Un corps à toute épreuve

Matthew Barney est un personnage singulier : l’exposition consacrée à ses œuvres permet d’évaluer la somme de son travail depuis huit ans, une sorte de "sculpture totale" mettant en jeu des sculptures, des photos et un cycle de cinq films insolites. Le projet de l’artiste américain se distingue moins par son originalité que par l’itinéraire effectué entre art contemporain et cinéma. Plus qu’un combat, il s’agit là d’une fusion entre deux formes artistiques autour d’étonnantes métamorphoses corporelles.


Le Musée d’Art Moderne de la Ville de Paris présente depuis le 10 octobre une exposition rétrospective des œuvres de l’artiste américain Matthew Barney : le cycle Cremaster est une œuvre complexe et hybride, qui défie nos sens et notre capacité d’analyse. Complexe car ce cycle, résultat d’un travail de huit années, nous emmène au cœur d’un monde imaginaire dont les protagonistes sont des créatures monstrueuses, des beautés convulsives, des voitures de course, des sculptures-objets qui volent la vedette aux corps. Hybride car l’œuvre de M. Barney est à la fois sculpturale et cinématographique, morbide et libidinale, aseptisée et extrêmement baroque. Dès lors, sous quel angle doit-on essayer d’analyser cette œuvre totale, une œuvre plastique qui a trouvé à s’exprimer librement sous la forme d’un cycle de cinq films étonnants ?

Le magazine Beaux-Arts a publié un entretien entre Matthew Barney et Fabrice Bousteau dans lequel le jeune artiste explique : "Selon moi, le projet tout entier constitue une sculpture. Aujourd’hui, j’ai du mal à faire la différence entre l’image cinématographique et la sculpture d’une part, et la photographie et le dessin de l’autre. Sur le plan pratique, le film fonctionne comme un ensemble de textes dont la sculpture est une émanation." Comme il le souligne également dans cet entretien, les lieux choisis pour les films sont essentiels, ils forment un "arc narratif". Ils sont en effet le cadre plastique dans lequel évoluent les personnages ; ils sont aussi, au même titre que les sculptures, les premiers protagonistes des films. Ces lieux et objets peuvent même nous apparaître plus humains, plus vivants que les personnages eux-mêmes. C’est ainsi que nous pouvons percevoir la "table" sous laquelle se trouve la femme blonde qui dirige la chorégraphie des danseurs en dessinant des formes avec les grains de raisins dans Cremaster 1. Elle est située dans le film au centre du dirigeable Good Year. Sa forme, les raisins posées sur sa surface, liés à elle de façon presque organique, ainsi que le liquide qu’elle semble générer, substance qu’on assimile immédiatement au sperme ou au liquide amniotique, tous deux évoquant la reproduction/la vie, concourent à l’idée que cet objet n’est pas inerte.

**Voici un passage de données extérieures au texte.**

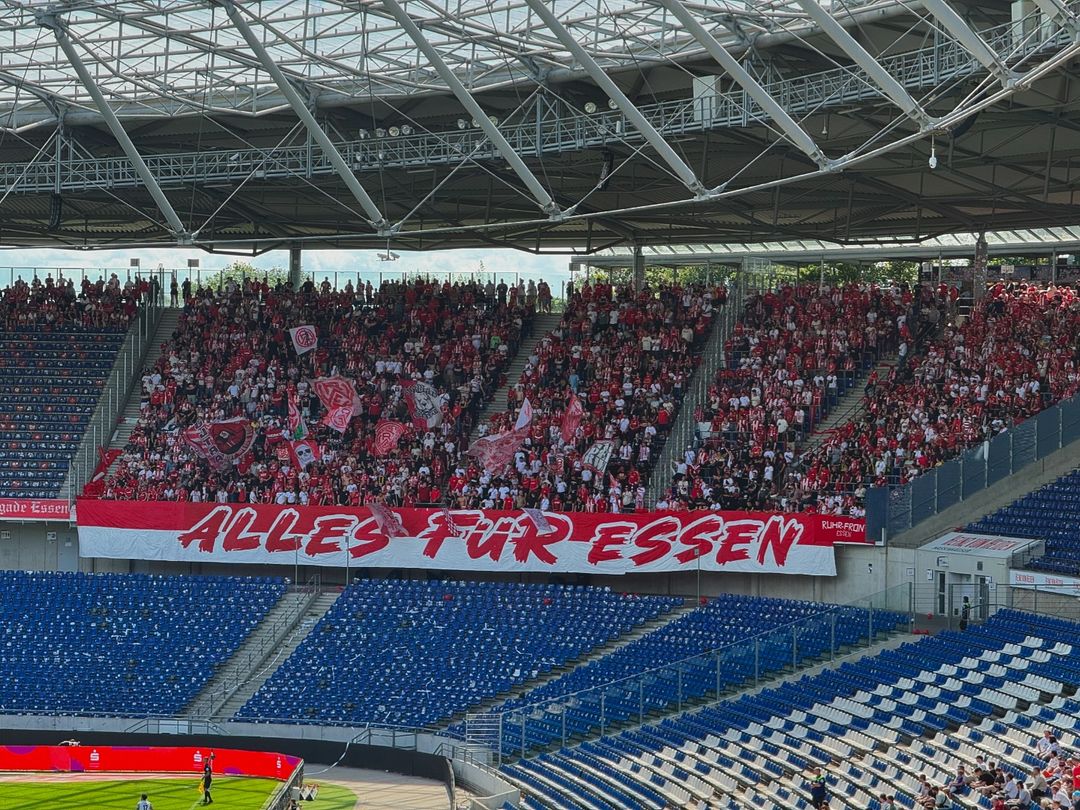 Hannover 96 II – Rot-Weiss Essen 1-3 (1)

Le rôle des sculptures va au delà du cadre narratif ou de l’atmosphère. Elles sont l’incarnation plastique de la symbolique multiple du cycle Cremaster. Elles font œuvre à part entière comme le montre l’exposition parisienne dont les sculptures rythment la scénographie. Elle sont le symbole de la création, à la fois au sens large et au sens purement artistique. Elles sont à l’origine de l’œuvre cinématographique et l’exposition permet de mettre en valeur leur importance au sein du cycle Cremaster. Elles portent l’originalité du travail plastique de Matthew Barney. Les sculptures issues des films sont donc des objets d’art à part entière, au même titre que les films composant le cycle Cremaster, et vendus en tant que tels sur le marché de l’art. Peut-on le lui reprocher, même si séparer les sculptures de l’univers filmique leur enlève du sens ?

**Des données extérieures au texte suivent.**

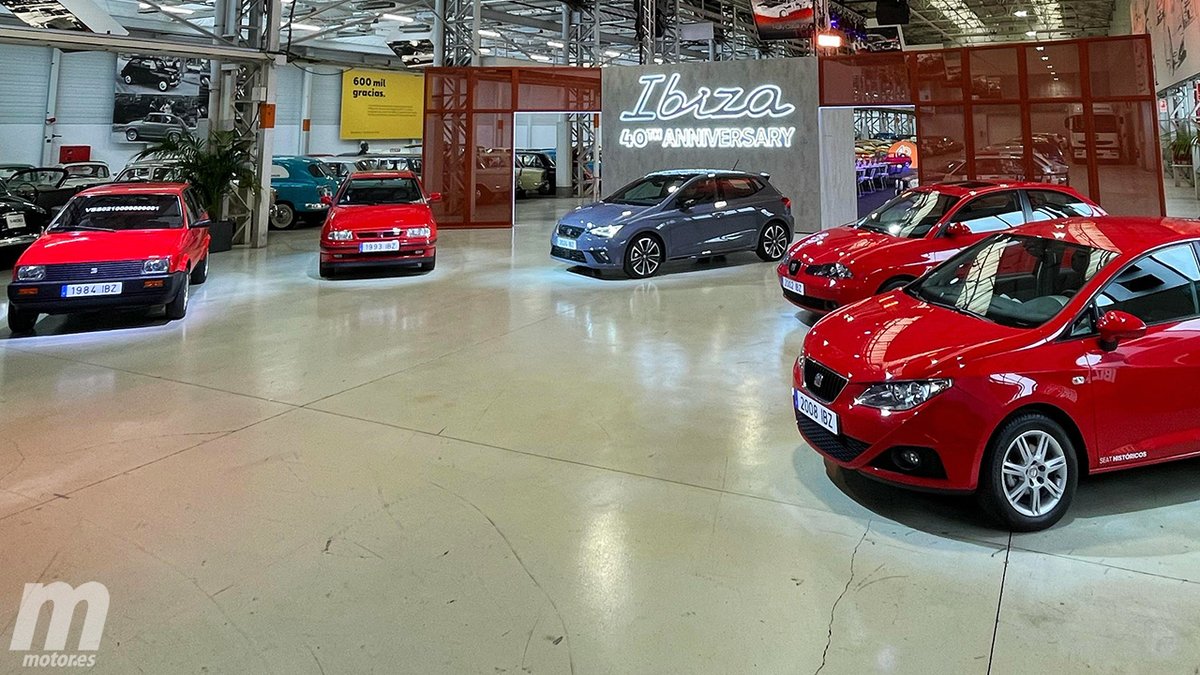 motorpuntoes's tweet image. #Coches | La edición especial FR Aniversario del SEAT Ibiza ya tiene precio, el utilitario español celebra su 40º cumpleaños

motor.es/noticias/preci…

@tuSEAT #SEAT #SEATIbiza #Utilitarios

Les œuvres de Barney tournent donc autour de l’idée de production. Le cinéma et la sculpture participent aujourd’hui d’une forme à la fois marchande et artistique particulièrement aboutie. Barney semble revenir aux sources premières de cette production en convoquant divers symboles évoquant les organes sexuels. De la production à la reproduction il n’y a qu’un pas : en dépit de la sophistication générale de l’exposition, le passage du primitif à la finesse achève de faire de ce travail une forme d’itinéraire. Les premiers films du cycle Cremaster se distinguent par une esthétique froide, à la blancheur presque clinique et aux formes épurées à l’extrême (dans le style des vidéo-clips de Jay Jay Johanson), alors que le Cremaster 5 est à l’opposé d’une grande opulence visuelle. Chaque film se trouvant dans une pièce distincte, il semble que le passage d’une pièce à l’autre et d’un film à l’autre désigne une transformation.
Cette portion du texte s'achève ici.